Friday, November 4, 2011

Fun with Economics

I think I’ve mentioned before (several times) that I think economics is fun. I don’t do the heavy-math predict-the-market kind of economics, just basic common sense stuff about how markets work and what the terms mean. 

Greg Mankiw, blog photo
So this week I was amused by some incidents at Harvard. It seems some Ec 10 (Basic Economics) students protested Greg Mankiw’s class by walking out during his lecture and joining the Occupy crowd in Boston for a day.  

“I urge all students to walk out of Ec 10, [because it] represents the ideology that brought about our current economic situation,” shouted organizer Gabriel H. Bayard ’15 (quote from The Harvard Crimson on Wednesday).  

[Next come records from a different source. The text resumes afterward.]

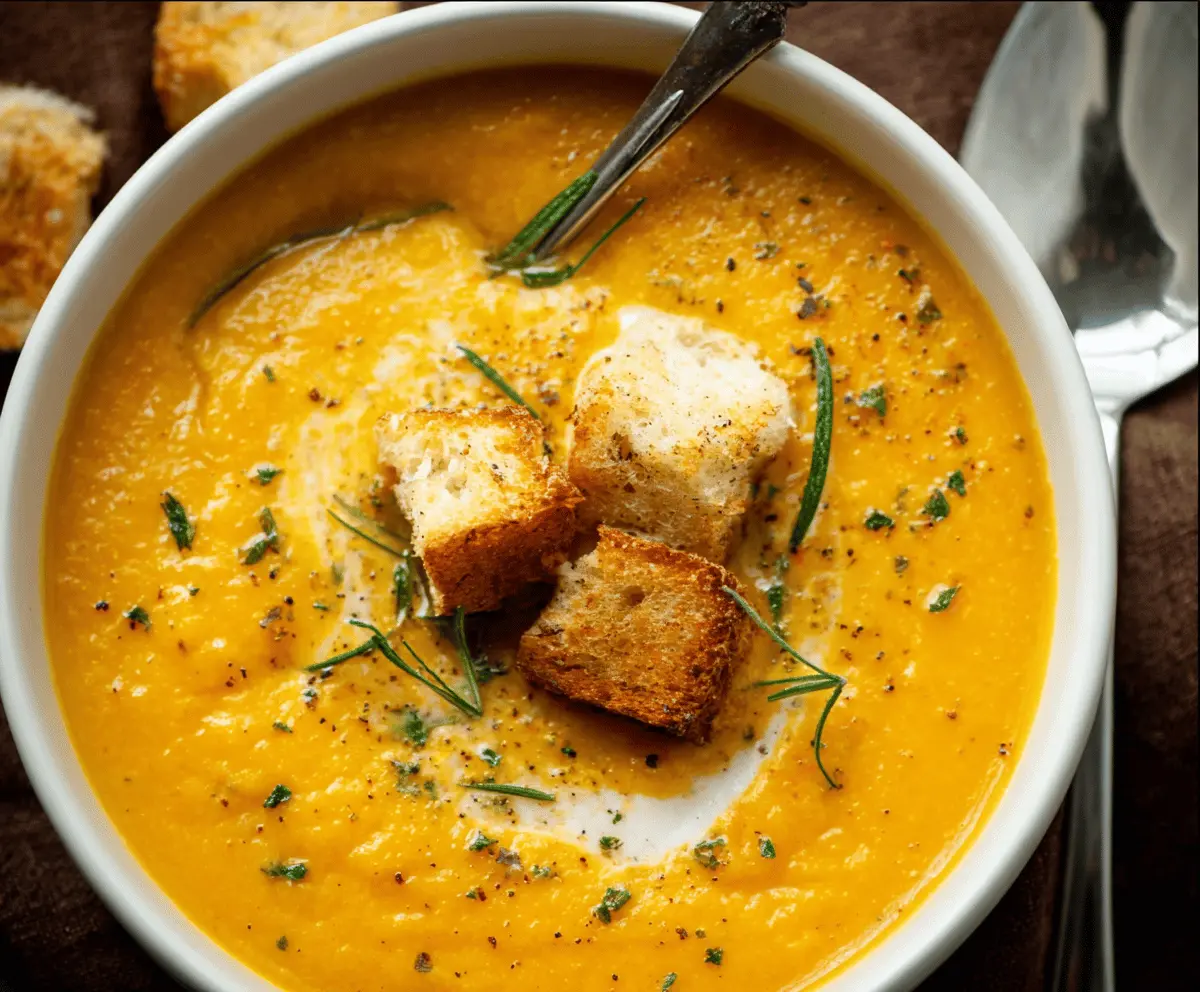 A steaming bowl of flavorful roasted winter vegetable soup featuring colorful carrots, parsnips, potatoes, and herbs, perfect for a cozy, healthy meal.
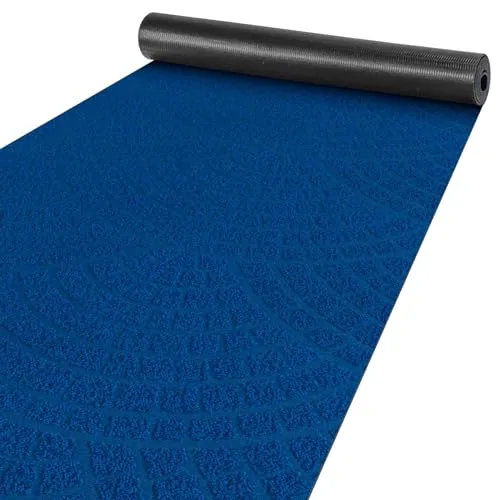 ANRO Teppich Läufer Küchenläufer Küchenteppich Läufer Flur Teppich Velours rutschfest waschbar für Flur, Schlafzimmer, Wohnzimmer, Küche Davis Blau 50 x 120cm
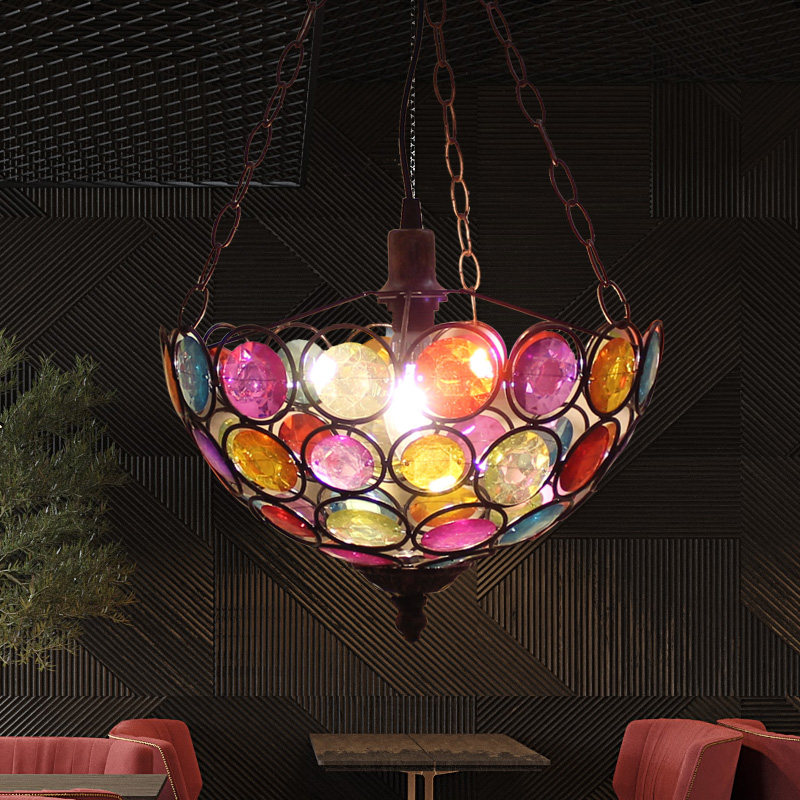 Ring Circle Dreamy Projection Industrial Wind Characteristics Semicircle Iron Art Pendant Lamp Creative Loft Bar Table Dining Room Eroy Lamps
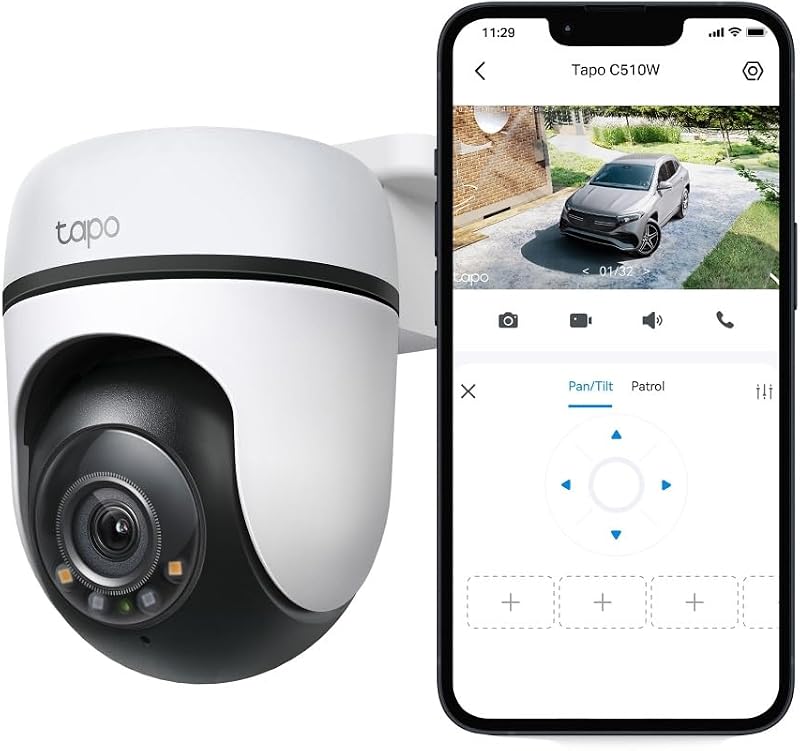 Telecamera Wi-Fi Esterno Visione Notturna a Colori, 2K 3MP Telecamera WiFi 360° IP65, Videocamera Sorveglianza Esterno, Rilevamenti Smart AI, Tracciamento Intelligente, Alexa, 2.4GHz, C51A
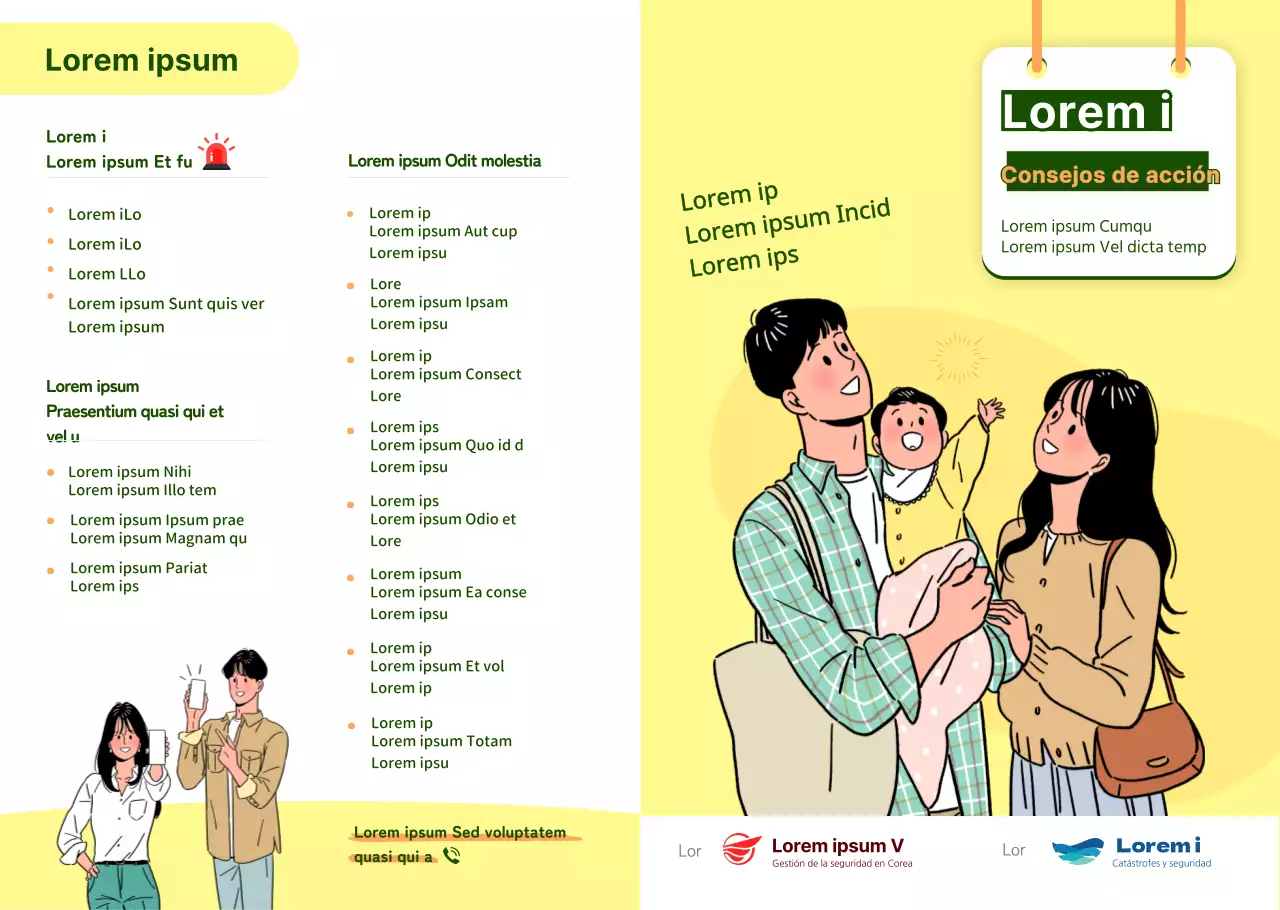 Catástrofe Tifón Consejos de seguridad Instituciones públicas Folletos de color amarillo Folletos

Greg Mankiw's blog on Wednesday points out what the protesters would miss: “Ironically, the topic for today’s lecture is the distribution of income, including the growing gap between the top 1 percent and the bottom 99 percent. I am sorry the protesters will miss it.”

The whole sequence of events was in his Wednesday blog, so I’m just giving you the highlights from some of the links here. First off, the Ec 10 protesters published an open letter to Prof. Mankiw, accusing him of right-wing bias.

Then former student Jeremy Patashnik, a self-proclaimed liberal, published a very supportive piece identifying what is actually taught in the course, and challenging anyone to find something biased in it. The article is long, but thorough and well done. There’s a philosophical explanation in the middle that is particularly informative: 

One lesson from the first day of Ec 10 that will stick with me for the rest of my life is learning to separate positive questions from normative ones. Most of the economics that we read about in the news involves normative questions (eg. Should Congress raise the marginal tax rate on the highest income bracket?) whereas most of what economists actually study involves positive questions (eg. What would happen if the marginal tax rate on the highest income bracket were raised?). Ec 10 is an introduction to the academic discipline of economics, and the vast majority of the course focuses on teaching students how to answer positive economics questions. 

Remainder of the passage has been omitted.